Configure Azure Monitoring Using the Telegraf Data Collector

You can collect custom metrics for the Hyper-Q VM with the InfluxData Telegraf agent. Telegraf is a plug-in-driven agent that enables the collection of metrics from different sources. Depending on what workloads run on your virtual machine, you can configure the agent to leverage specialized input plug-ins to collect metrics.

The Telegraf agent is integrated directly with the Azure Monitor custom metrics REST API. It supports an Azure Monitor output plug-in. By using this plug-in, the agent can collect workload-specific metrics on your Linux virtual machine and submit them as custom metrics to Azure Monitor. To learn more, see the Telegraf documentation.

This chapter contains the following sections:

Configure Hyper-Q Logging for Azure Log Analytics Learn how to use Azure Monitor to collect data directly from your Azure virtual machines into a Log Analytics workspace for analysis.

Configure Azure Monitoring Using the Telegraf Data Collector You can collect custom metrics for the Hyper-Q VM with the InfluxData Telegraf agent.

Install the Telegraf Data Collector

You install the Telegraf data collector on each Hyper-Q VM.

Prerequisites

The Hyper-Q VMs must have managed identity enabled. To learn more, see the Microsoft Azure article Configure managed identities for Azure resources on a VM using the Azure portal.

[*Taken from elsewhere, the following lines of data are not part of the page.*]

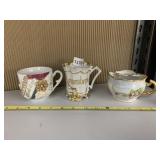 ANTIQUE PORCELAIN CUPS & MUGS - THREE PIECES,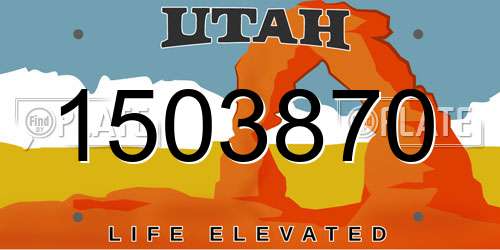 1503870 Utah License Plate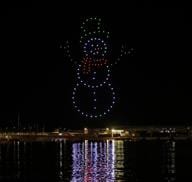 The drone Christmas show over the port of Malaga.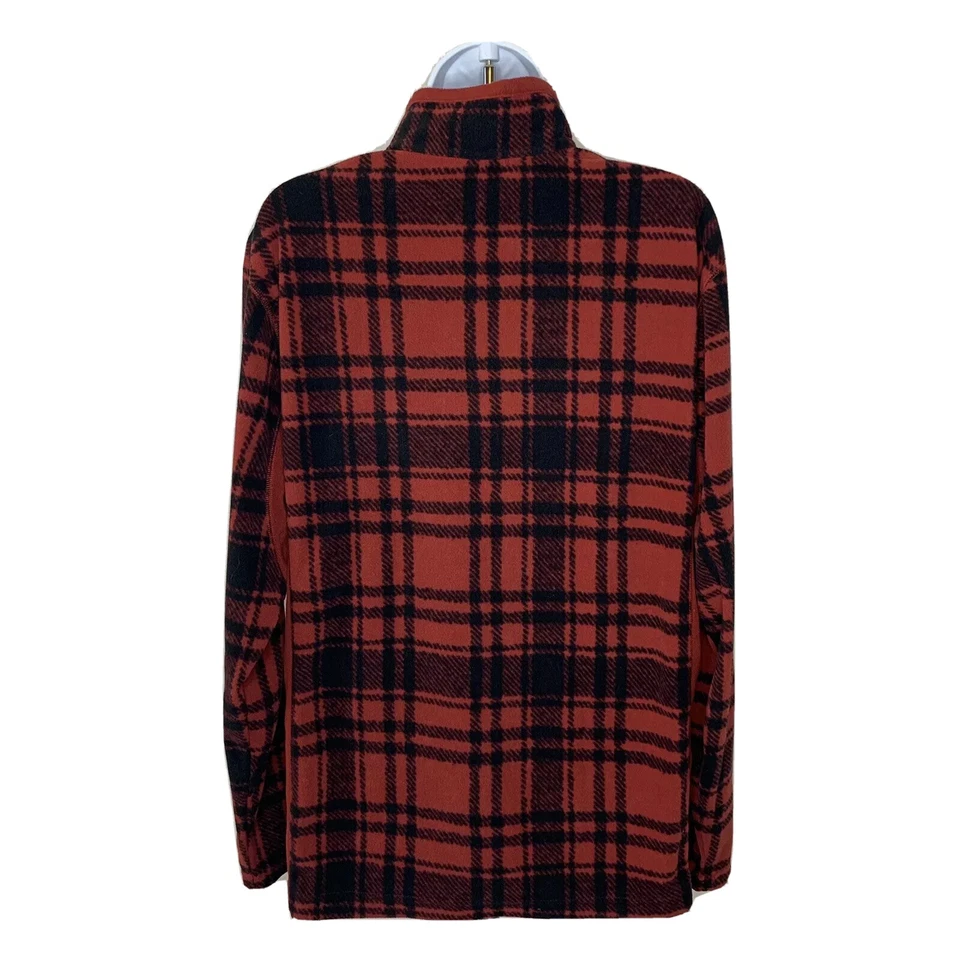 Chaqueta pulóver Columbia para mujer talla mediana roja negra a cuadros cuarto de cremallera Foto 3 de 4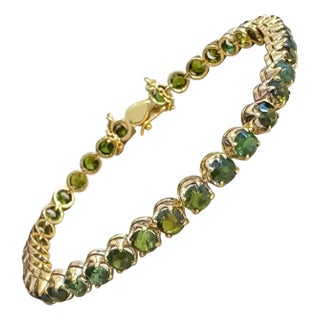 4 Ct Round Shape Green Tourmaline Cocktail Tennis Bracelet 14 Kt Yellow Gold 7" For Sale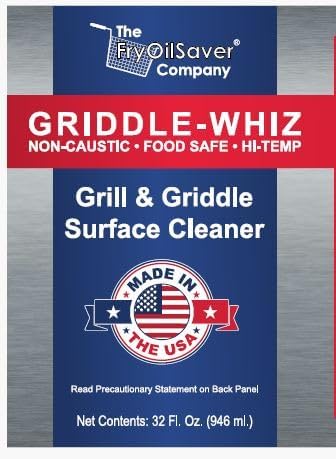 Griddle-Whiz Grill & Griddle Cleaner (4-Pack) | Removes Grease, Food Residue, Burnt On Organics | High Heat Flat Top Grill Cleaner, Food Contact Surface | Non-Caustic Formula by FryOilSaver (32oz)
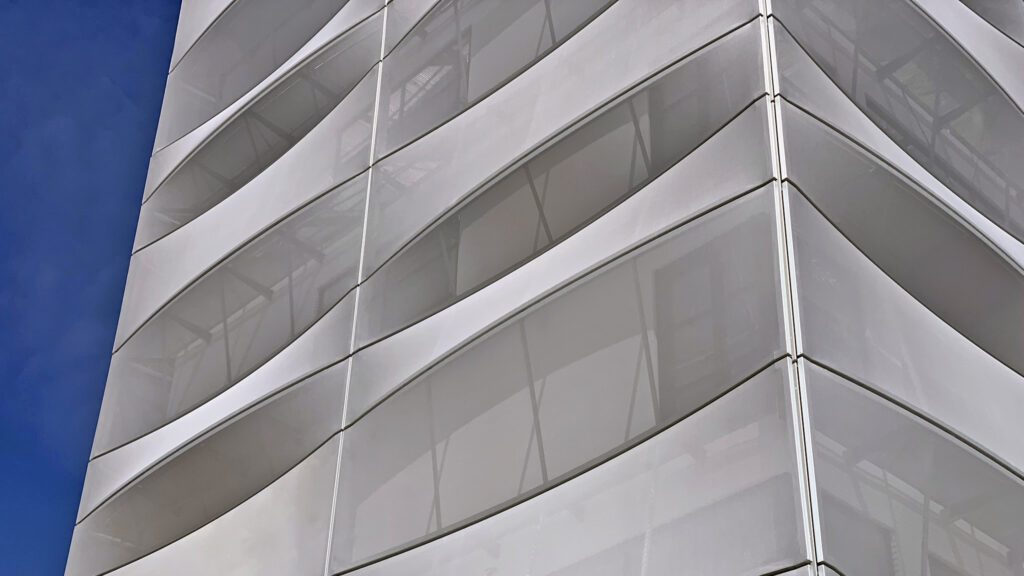 Modern cultural centre tower integrated into Estepona urban landscape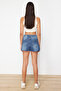 Dark Blue High Waist Denim Shorts TWOSS24SR00119 - 6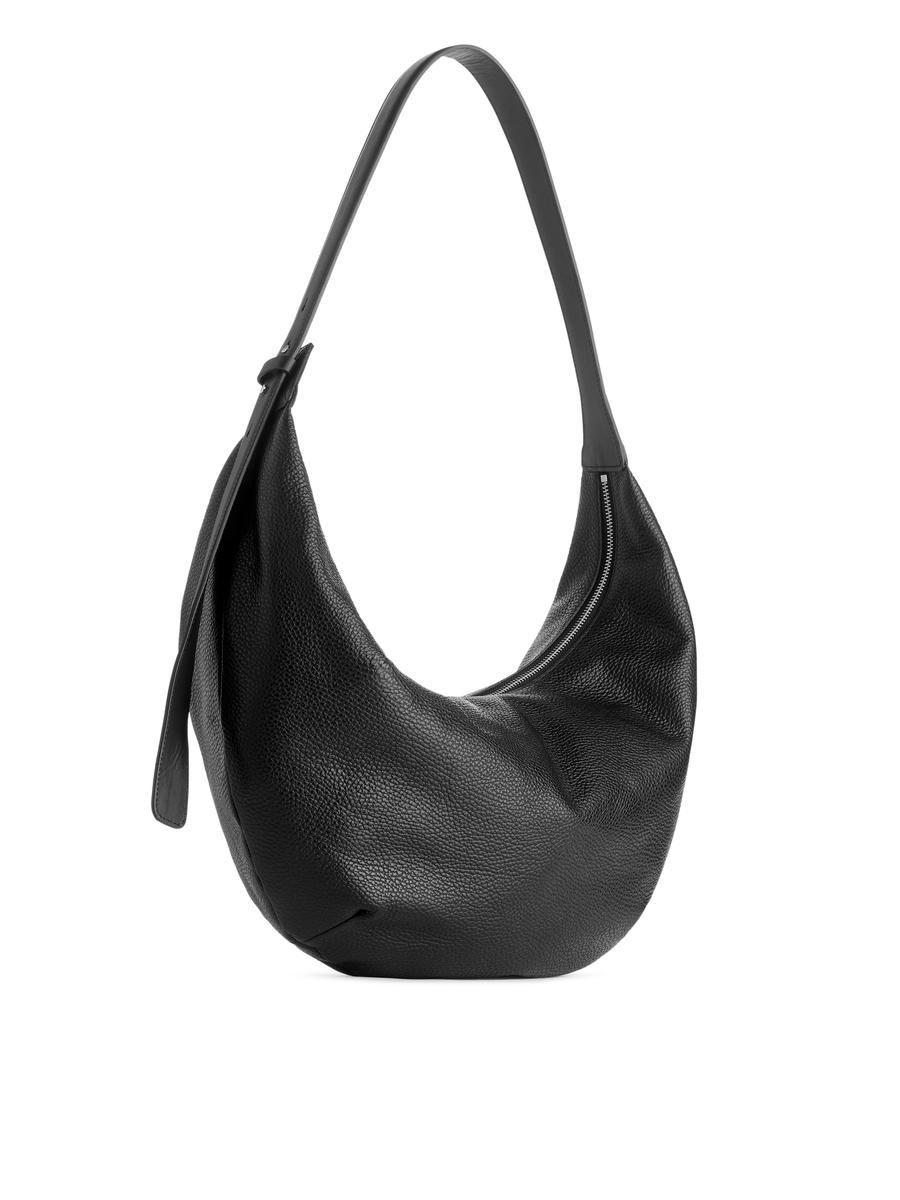 Curved Leather Bag-#272628-3049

To install the Telegraf agent:

Sign into the Azure portal.
Log into the Hyper-Q VM in the Azure workspace using SSH.
Download the Telegraf agent to the Hyper-Q VM.
Visit the InfluxData Downloads portal, and download the Telegraf data collector for RedHat and CentOS.
Install the Telegraf agent on the Hyper-Q VM.
To learn how to install the Telegraf agent, see the Telegraf documentation and follow the RedHat and CentOS installation instructions. See Install Telegraf.
Generate a Telegraf configuration file.
The configuration file defines the Telegraf agent’s operations. A sample configuration file is located at: /opt/datometry/config/azm-telegraf.conf
Specify the plugin cpu:mem:statsd:net:netstat:disk:diskio:systemd_units:net_response for the input filter, and azure_monitor for the output filter. Generate a new Telegraf configuration file using the command below, and replace the example configuration file with the newly generated file.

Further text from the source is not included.